Mercer's theorem states that a function $k: \mathbb{R}^d \times \mathbb{R}^d$ is a kernel if and only if the matrix $K = k(x_i, x_j)$ is PSD for all $X = \{x_1, \dots, x_n \} \subset \mathbb{R}^d$.
Given some function $k$, I have to prove that it is a valid kernel. I am having trouble analyzing the kernel matrices from Mercer's theorem, so my approach is different.

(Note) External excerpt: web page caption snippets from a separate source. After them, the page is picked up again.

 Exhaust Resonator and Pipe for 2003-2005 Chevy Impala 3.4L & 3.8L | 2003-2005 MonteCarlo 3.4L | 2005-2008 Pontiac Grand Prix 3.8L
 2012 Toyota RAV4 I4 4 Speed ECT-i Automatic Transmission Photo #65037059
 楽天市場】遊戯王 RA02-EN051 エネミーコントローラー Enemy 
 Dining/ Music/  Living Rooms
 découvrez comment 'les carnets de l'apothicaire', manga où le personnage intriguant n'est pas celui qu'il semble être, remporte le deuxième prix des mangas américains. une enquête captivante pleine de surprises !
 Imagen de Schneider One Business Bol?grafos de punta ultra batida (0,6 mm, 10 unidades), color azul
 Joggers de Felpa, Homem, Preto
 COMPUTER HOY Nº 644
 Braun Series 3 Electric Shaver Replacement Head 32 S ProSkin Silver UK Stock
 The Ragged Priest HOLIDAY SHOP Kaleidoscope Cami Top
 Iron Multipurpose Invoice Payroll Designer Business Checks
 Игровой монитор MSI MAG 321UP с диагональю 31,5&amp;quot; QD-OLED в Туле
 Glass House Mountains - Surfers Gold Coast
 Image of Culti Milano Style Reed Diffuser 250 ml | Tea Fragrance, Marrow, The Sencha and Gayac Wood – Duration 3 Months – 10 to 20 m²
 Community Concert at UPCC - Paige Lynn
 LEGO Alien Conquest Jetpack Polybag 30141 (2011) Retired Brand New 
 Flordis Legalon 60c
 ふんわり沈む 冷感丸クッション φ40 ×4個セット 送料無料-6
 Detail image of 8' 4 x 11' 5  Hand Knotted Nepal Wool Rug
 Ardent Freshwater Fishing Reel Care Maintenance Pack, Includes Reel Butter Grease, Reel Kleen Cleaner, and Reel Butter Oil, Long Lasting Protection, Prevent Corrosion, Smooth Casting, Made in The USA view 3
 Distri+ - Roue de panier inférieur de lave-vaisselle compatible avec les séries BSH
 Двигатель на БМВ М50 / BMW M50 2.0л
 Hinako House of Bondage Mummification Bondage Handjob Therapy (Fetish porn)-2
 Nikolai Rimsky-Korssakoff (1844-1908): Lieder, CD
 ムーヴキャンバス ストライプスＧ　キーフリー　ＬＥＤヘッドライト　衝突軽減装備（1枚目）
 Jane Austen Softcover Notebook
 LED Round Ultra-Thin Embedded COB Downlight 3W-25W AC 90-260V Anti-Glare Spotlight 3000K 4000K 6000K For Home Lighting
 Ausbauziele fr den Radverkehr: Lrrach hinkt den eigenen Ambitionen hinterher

I construct a feature map $\phi: X \rightarrow \mathbb{R}^n$ for any given data set $X$, such that for all $x_i, x_j \in X$ we have $k(x_i, x_j) = \phi(x_i)^T \phi(x_j)$. I can then write $$K = \Phi \Phi^T$$ where I define $\Phi_{i,j} = \phi_j(x_i)$. Thus for any $z \in \mathbb{R}^n$ we have $$z^T K z = \| \Phi^T z \|^2 \ge 0$$ Hence $K$ is PSD and I am done.
Is this fine? I think it should be, but $\phi$ depends on $X$ and I am new to this topic and want to make sure I understood Mercer correctly. Bonus question, is there a way to use this data-dependent $\phi$ that I construct to get the general feature map associated with the RKHS?